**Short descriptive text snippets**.
• • • • • • •

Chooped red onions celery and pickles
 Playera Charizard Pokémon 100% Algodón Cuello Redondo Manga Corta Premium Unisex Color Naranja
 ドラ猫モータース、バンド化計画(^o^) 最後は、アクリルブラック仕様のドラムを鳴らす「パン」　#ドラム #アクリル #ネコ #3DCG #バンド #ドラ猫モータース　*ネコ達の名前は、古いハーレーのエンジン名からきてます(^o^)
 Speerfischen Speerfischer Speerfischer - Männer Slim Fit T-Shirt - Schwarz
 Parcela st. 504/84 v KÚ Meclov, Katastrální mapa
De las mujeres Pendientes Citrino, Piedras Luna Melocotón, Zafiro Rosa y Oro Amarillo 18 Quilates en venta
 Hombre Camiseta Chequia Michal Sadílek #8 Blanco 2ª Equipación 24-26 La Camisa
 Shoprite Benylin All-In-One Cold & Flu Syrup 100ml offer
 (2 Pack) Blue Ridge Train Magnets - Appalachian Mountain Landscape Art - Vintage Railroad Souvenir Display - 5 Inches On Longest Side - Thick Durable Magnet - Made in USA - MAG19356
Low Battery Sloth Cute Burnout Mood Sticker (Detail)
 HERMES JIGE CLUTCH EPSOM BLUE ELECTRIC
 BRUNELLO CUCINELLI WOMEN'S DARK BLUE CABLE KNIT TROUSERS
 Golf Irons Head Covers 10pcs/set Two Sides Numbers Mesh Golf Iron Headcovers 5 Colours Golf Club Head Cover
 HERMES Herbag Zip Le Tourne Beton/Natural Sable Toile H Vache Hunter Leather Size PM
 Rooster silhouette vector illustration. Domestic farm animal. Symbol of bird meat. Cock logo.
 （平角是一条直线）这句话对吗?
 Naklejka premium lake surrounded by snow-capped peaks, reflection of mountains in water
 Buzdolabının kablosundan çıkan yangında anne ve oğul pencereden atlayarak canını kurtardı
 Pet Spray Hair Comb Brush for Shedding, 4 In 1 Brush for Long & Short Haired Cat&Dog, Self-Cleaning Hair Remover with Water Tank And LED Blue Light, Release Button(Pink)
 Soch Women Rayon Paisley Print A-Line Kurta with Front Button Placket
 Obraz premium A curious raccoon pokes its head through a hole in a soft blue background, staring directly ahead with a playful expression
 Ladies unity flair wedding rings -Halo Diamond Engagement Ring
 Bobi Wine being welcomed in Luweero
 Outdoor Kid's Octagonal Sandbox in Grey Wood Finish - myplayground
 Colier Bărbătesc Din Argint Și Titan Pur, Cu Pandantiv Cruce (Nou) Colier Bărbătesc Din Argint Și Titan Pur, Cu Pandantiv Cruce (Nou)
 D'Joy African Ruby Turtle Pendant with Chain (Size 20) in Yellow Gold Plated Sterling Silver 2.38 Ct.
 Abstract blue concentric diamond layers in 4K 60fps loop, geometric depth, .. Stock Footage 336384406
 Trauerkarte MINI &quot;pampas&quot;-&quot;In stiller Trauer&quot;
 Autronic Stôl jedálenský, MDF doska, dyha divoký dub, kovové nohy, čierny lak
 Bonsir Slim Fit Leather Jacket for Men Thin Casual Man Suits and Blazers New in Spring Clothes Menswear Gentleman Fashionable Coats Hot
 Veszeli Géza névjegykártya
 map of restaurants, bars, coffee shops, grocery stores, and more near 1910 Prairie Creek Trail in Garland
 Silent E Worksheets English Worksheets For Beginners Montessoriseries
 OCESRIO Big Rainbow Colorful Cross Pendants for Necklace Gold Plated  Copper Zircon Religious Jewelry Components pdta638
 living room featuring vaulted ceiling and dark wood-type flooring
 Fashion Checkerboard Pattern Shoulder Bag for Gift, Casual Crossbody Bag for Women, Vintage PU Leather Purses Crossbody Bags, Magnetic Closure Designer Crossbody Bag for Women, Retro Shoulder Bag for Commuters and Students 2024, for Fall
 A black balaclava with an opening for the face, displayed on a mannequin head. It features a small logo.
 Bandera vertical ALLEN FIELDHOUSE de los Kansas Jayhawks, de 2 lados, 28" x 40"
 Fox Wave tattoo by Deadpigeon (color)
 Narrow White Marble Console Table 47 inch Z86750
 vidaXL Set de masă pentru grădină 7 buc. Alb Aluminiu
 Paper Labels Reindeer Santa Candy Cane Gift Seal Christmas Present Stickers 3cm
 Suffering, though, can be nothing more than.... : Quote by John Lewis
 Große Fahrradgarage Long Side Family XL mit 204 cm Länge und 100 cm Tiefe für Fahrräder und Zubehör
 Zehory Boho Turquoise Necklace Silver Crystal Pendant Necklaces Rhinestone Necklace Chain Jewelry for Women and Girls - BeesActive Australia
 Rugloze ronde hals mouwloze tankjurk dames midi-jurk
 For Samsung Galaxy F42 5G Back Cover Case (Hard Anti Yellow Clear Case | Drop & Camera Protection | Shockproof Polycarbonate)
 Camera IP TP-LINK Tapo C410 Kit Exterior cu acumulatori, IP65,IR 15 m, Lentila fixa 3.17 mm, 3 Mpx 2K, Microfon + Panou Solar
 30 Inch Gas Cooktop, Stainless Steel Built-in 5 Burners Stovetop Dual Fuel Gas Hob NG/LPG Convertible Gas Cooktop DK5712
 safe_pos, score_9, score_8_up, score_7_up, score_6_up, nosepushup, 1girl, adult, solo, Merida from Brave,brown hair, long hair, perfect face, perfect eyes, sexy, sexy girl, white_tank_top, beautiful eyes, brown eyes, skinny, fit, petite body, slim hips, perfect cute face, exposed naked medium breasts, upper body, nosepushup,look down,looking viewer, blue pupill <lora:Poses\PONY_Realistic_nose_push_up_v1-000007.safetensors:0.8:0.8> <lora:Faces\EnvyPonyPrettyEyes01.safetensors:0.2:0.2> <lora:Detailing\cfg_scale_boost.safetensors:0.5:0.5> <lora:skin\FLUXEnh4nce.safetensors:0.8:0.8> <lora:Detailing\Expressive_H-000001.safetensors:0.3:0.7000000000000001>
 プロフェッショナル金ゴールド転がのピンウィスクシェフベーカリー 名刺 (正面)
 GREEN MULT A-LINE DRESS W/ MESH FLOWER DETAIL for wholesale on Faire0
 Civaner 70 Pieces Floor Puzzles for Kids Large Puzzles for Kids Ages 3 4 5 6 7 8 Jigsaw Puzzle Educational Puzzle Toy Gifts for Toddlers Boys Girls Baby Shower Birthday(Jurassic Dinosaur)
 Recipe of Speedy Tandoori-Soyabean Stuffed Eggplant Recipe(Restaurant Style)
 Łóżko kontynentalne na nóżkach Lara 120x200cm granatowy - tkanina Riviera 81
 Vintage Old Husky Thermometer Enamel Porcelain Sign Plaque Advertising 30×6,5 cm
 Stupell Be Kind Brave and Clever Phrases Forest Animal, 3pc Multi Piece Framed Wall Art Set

• • • • • • •

Using the entries above, give back exactly the line containing "living room featuring", the line containing "Fashion Checkerboard Pattern", and every line between them, and nothing else.

 living room featuring vaulted ceiling and dark wood-type flooring
 Fashion Checkerboard Pattern Shoulder Bag for Gift, Casual Crossbody Bag for Women, Vintage PU Leather Purses Crossbody Bags, Magnetic Closure Designer Crossbody Bag for Women, Retro Shoulder Bag for Commuters and Students 2024, for Fall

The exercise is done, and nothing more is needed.